• [Input data]
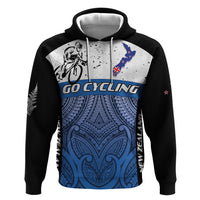 Personalised Cycling New Zealand Hoodie Aotearoa Map Fern Maori Pattern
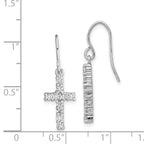 Sterling Silver Rhodium-Plated CZ Latin Cross Dangle Earrings for Women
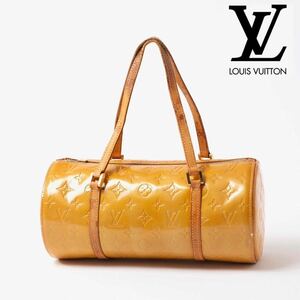 【美品】一スタ LOUIS VUITTON ルイヴィトン ベッドフォード ハンドバッグ 筒型 モノグラム ヴェルニ エナメル イエロー系 レディース 8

• [What needs to be done]
Set the listing above down again exactly, leaving pictures out.

• [Answer space]
 Personalised Cycling New Zealand Hoodie Aotearoa Map Fern Maori Pattern
 Sterling Silver Rhodium-Plated CZ Latin Cross Dangle Earrings for Women
 【美品】一スタ LOUIS VUITTON ルイヴィトン ベッドフォード ハンドバッグ 筒型 モノグラム ヴェルニ エナメル イエロー系 レディース 8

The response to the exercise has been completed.